Le modèle est complètement absurde, mais il est le socle de toute notre société depuis des décennies. Quand les politiques parlent de “croissance”, c’est bien cela qu’ils ont en tête (consciemment ou non): d’un modèle qui promeut la destruction de l’environnement, parce que ça rapporte des sous. Je vous invite à lire, sur ce sujet, Vos observables tuent-elles votre valeur?, un article de Lionel “Ploum” Dricot qui, entre autres choses, remarque:

Naturellement, le système va tendre vers une maximisation de l’observable en oubliant complètement l’objectif premier, à savoir la maximisation de la valeur.

(Au passage, lisez aussi son article La voiture, premier front de la guerre à l’innovation, qui est un magnifique exemple d’un système qui devient néfaste en se perpétuant sur des modèles obsolètes.)

Pour en revenir aux xénophobes de service, leur tentative de récupération des arguments écologiques n’est pas nouveau, mais surtout est complètement hypocrite. La plupart des partis de ce genre sont de farouches partisans d’un ultralibéralisme enthousiaste. Ce qui est logique: ce sont souvent des partis conservateurs; rejeter le modèle socio-économique existant, ce n’est pas leur truc.

C’est d’ailleurs frappant de voir, en Suisse, ceux qui disent vouloir limiter le nombre d’étrangers pour défendre l’emploi être dans le même temps opposés à toutes les initiatives sociales, du genre salaire minimum ou limitation des hauts revenus. Mettre les entreprises dans la merde en les privant de main d’œuvre, le plus souvent qualifiée, c’est normal; donner des salaires corrects aux employés, c’est Mal!

Le danger est double: d’une part, de voir des partisans d’un autre modèle de croissance voter avec les xénophobes et, d’autre part, cet autre modèle être discrédité auprès de gens de gauche plus traditionalistes, car utilisé par ces mêmes xénophobes. Or, quand on regarde un minimum, on se rend compte que ces partis conservateurs et xénophobes sont le plus souvent à l’opposé des valeurs écologistes: pro-bagnoles, anti-régulation, etc.
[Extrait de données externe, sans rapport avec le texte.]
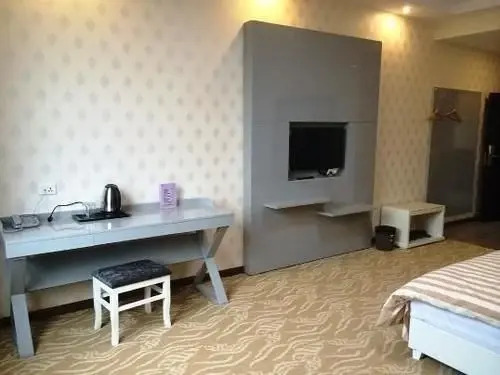 Цзяочжоу: Jiaozuo Yuntai Holiday Hotel
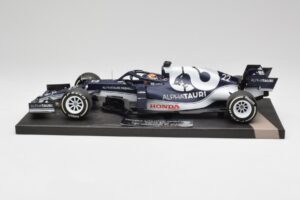 AlphaTauri AT02 #22 Y. Tsunoda Bahrain GP 2021 Minichamps 1:18 117210122 Metalas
Il faut être clair: un modèle alternatif de croissance ne doit pas se baser sur l’exclusion. Parce que, techniquement, c’est déjà ce que fait l’actuel modèle, qui se sert (voire encourage) des écarts extrême de richesse pour maintenir l’état des choses. La vraie valeur se trouve dans des éléments non immédiatement quantifiables: l’éducation, la santé, le bonheur.

Un vrai modèle alternatif de croissance doit certes se concentrer sur le local, mais surtout promouvoir un meilleur partage des richesses, une répartition plus juste. Si cela doit signifier pour nous, nord-occidentaux, moins de gadgets à l’utilité douteuse, ça ne me dérange pas.

(Photo par Rémi Kaupp, sous licence Creative Commons, partage à l’identique CC-BY-SA, via Wikimedia Commons.)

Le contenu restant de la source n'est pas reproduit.